Não há qualquer intenção e nem faz sentido comparar os dois eventos visto que são dois festivais com intenções muito diferentes e suportes totalmente distintos, financeiramente e filosoficamente falando. Nos corredores do Estação foi possível notar como a ida ao cinema escapa por completo de um programa com fim definitivo para o espectador encontradiço. O que antes partiria da proximidade geográfica para ida ao cinema, o valor do ingresso ou apreço por algum realizador ou ator e por último o país de origem do filme hoje é trocada por informações curiosas como a duração do filme e certeza de estar fazendo algo produtivo com o dia de folga, independente de qual filme esteja vendo. Por outro lado, a informação "cinema francês" para o frequentador de uma sala de arte continua como um grande chamariz a julgar as reações daqueles que perguntavam qual filme estava passando naquele momento na sala do ECRÃ. Vale dizer que com eventos em dois extremos, para aqueles mais interessados em se arriscar ou aqueles que abominam o que é diferente, ambos saem ganhando.

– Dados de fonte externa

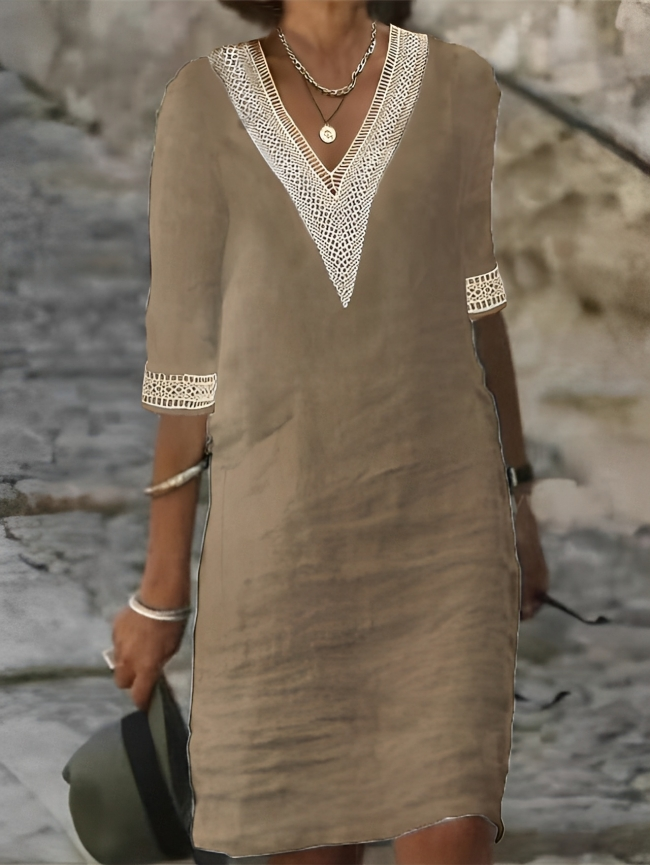 Heidi-Mode | Damen Baumwoll-Leinen Kleid Lässig & Bequem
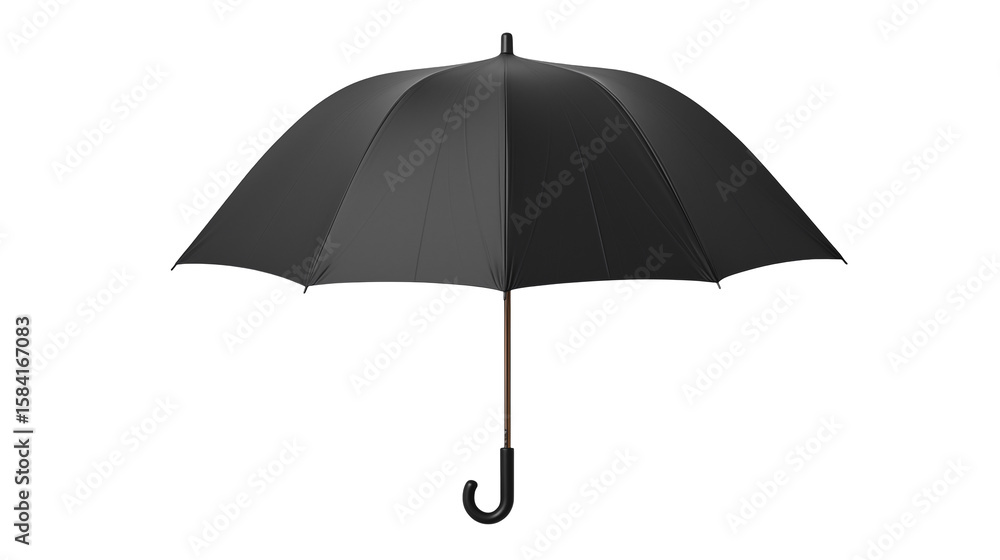 Dark parasol featuring a curved handle protects from rain, isolated on transparent background Dark parasol featuring a curved handle protects from rain, isolated on transparent background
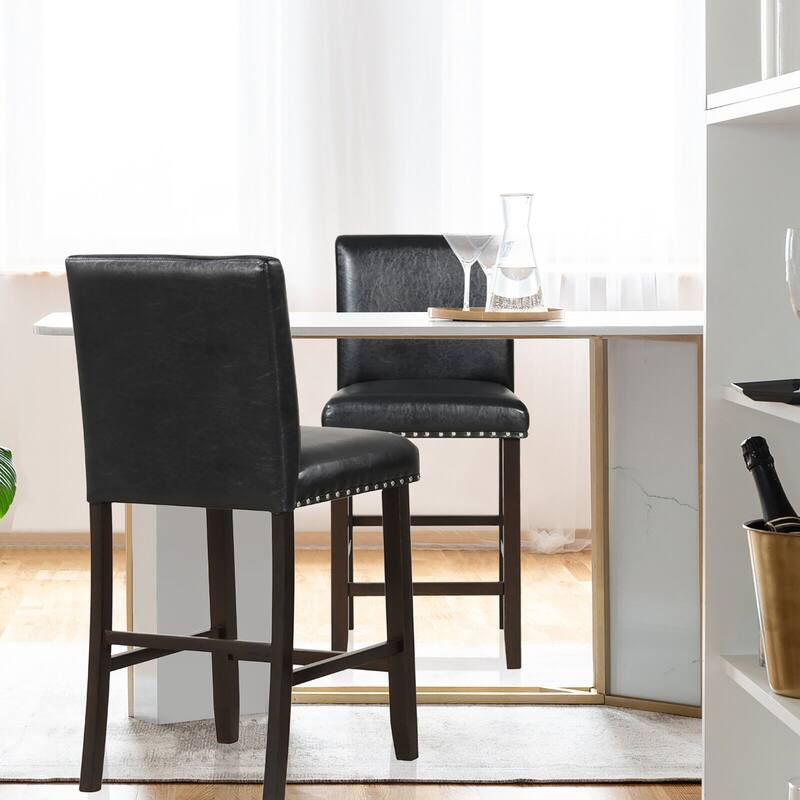 Gymax Set of 4 Bar Stools PVC Leather Counter Height Chairs for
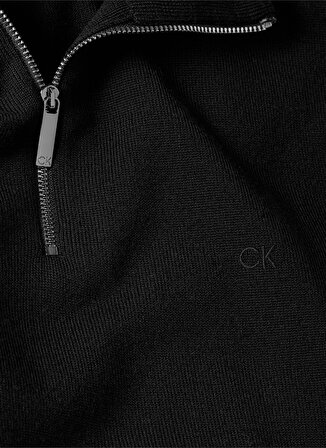 Calvin Klein Fermuarlı Yaka Regular Fit Siyah Erkek Kazak K10K110421BEH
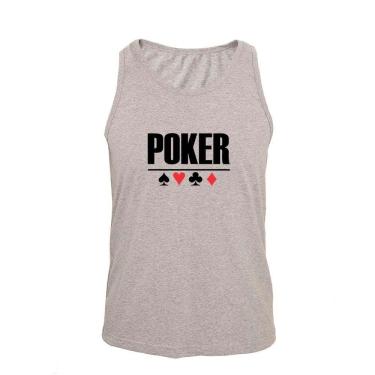 Imagem de Regata Masculina Algodão Poker Estampada Verão Moderna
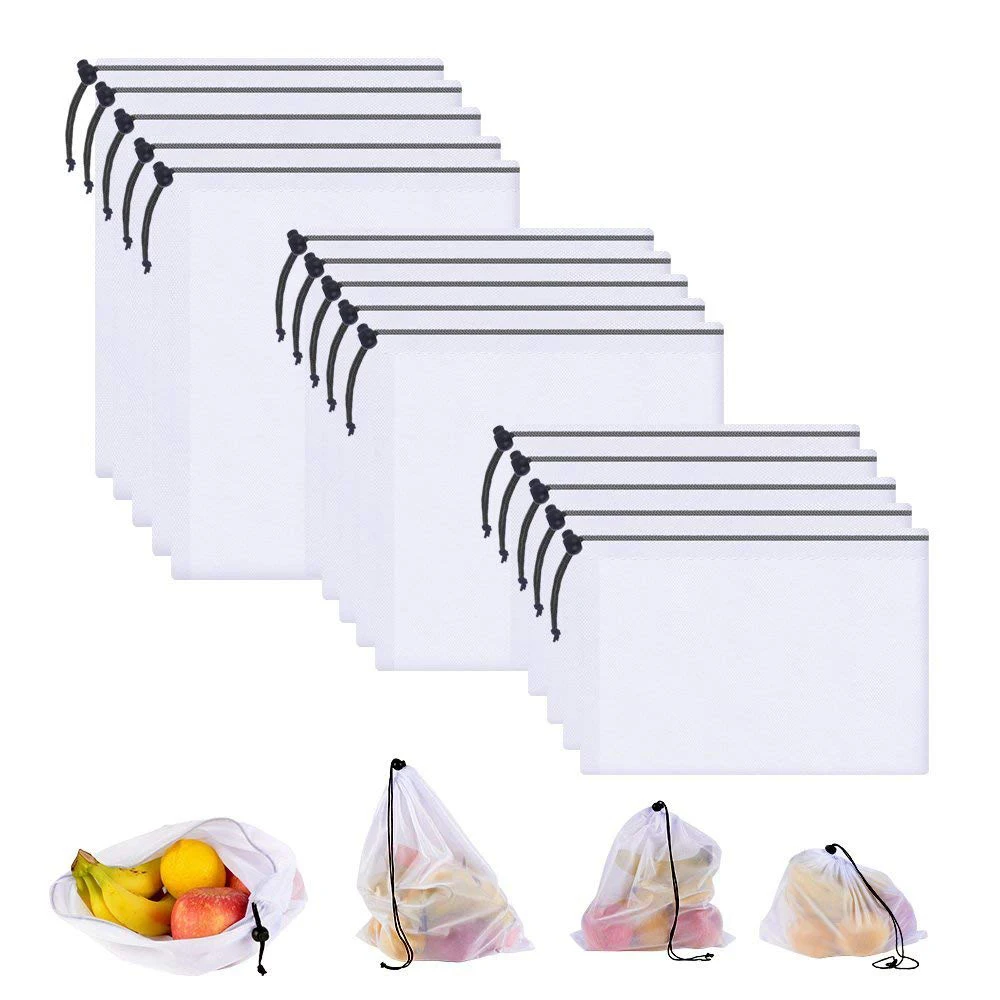 15pcs Eco Friendly Reusable Mesh Produce Bags Transparent Washable Grocery Storage for Fruit Vegetable Toys | Багаж и сумки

A análise de Comolli entre cinema e a máquina social envolvendo poder, comportamento e um imaginário da experiencia completa segue firme. Me chamou muito atenção como o espectador neste momento pós-pandêmico (se é que se pode chamar assim) continua refém de jogadas abatidas como a opinião alheia e as estrelas do filme. Também os interessa o que está disponível para o agora, o que é uma construção dos nossos tempos: a próxima sessão e a sala mais próxima, ainda que muitos não saibam exatamente onde estão e perguntam com frequência se estão no Estação Botafogo. E foi bom para notar os horários mais movimentados da sala. Geralmente apostamos em sessões noturnas, mas o público cativo, o de senhores mais idosos, prefere o combo café/filme à tarde - mais uma ideia da relação com a cartilha de uma experiência básica. Este contrassenso no sentido de um programa lentamente programado - e consequente valoração do filme visto - foi bastante visto nestes dez dias. Se entra de supetão ao cinema como uma decisão-relâmpago, porém, aprecia-se os rituais como tomar um café ou escolher a sua poltrona com muita calma.

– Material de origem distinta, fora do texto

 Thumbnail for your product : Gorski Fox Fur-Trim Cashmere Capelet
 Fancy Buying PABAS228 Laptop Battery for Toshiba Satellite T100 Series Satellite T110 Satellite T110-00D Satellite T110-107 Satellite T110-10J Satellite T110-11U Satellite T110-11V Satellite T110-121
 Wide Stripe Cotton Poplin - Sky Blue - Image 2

O hábito de buscar um filme e um evento que talvez grandes festivais como o Festival do Rio e Mostra de São Paulo cultivem parece distante em períodos mais calmos. O risco não parece bem-vindo e isso é independente à faixa etária de público. Quando se pensa nos frequentadores pela proximidade do local e pelo tempo livre (seja pelo desemprego, pela aposentadoria, etc.), este tipo de exigência parece menor. A relação está ligada ao espaço e a experiência e não à obrigação de gostar ou não de algo, embora exista sim limites bem definidos para arriscar-se ou não neste escapismo de duas horas em uma sala escura.

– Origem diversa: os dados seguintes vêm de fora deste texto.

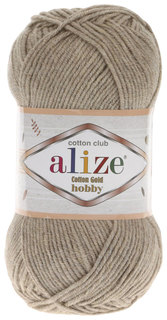 Пряжа ALIZE Cotton Gold Hobby (152), светло-бежевый меланж, 5 шт. по 50 г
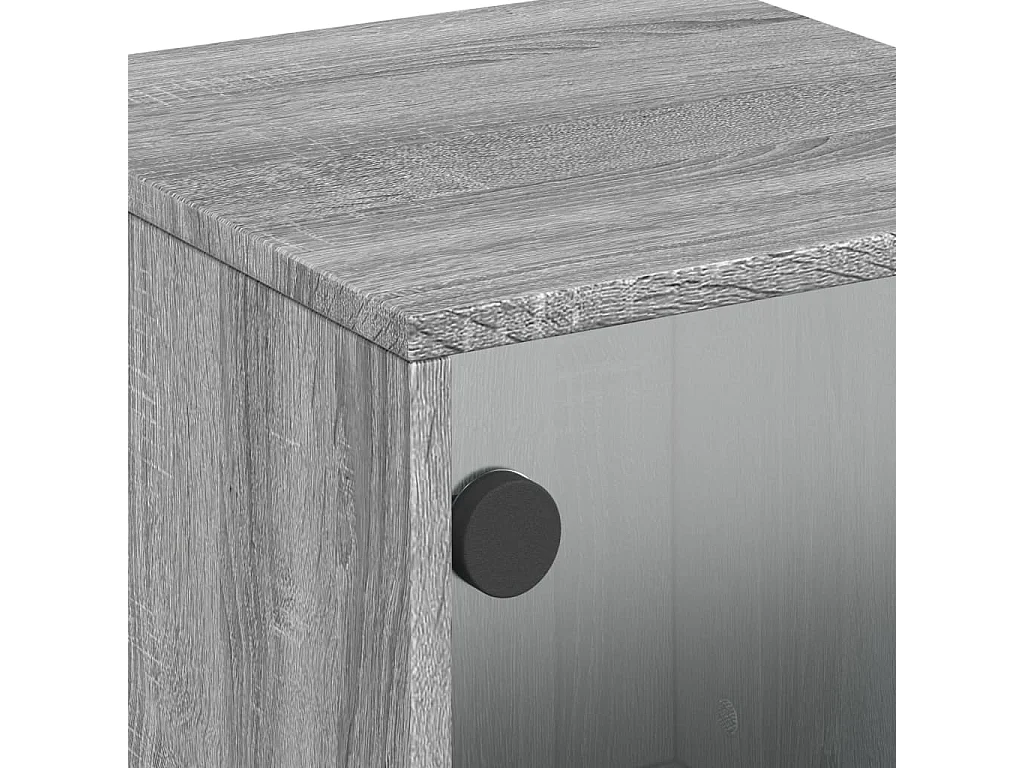 Brussels  Table de chevet avec porte en verre sonoma gris 35x37x50 cm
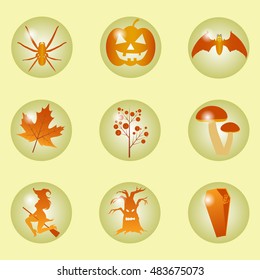 Autumn stylish icons Halloween for the web site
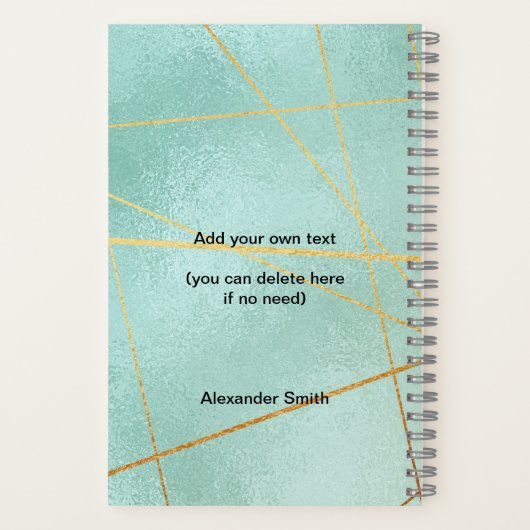 2023 Mint Gold Modern Family 12 Fotokalender Notitieboek (Achterkant)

Como um caminho possível, penso que aglutinar estes extremos levará um tempo, porém será recompensador. Reconquistar o gosto de um programa e uni-lo à experiência de descobertas e saber que o cinema, neste momento, diante de grandes adversários, não é um programa autônomo e que estará em constante reformulação. Vejo as ações que Cavi Borges tem feito como um bom emblema deste momento de dupla-ação e que tem feito bastante sucesso. Com diferentes elementos e com propriedades distintas, ver um filme, arriscar-se ao novo, fará algum sentido e seus efeitos criarão uma relação de proximidade e tensão para uma próxima visita.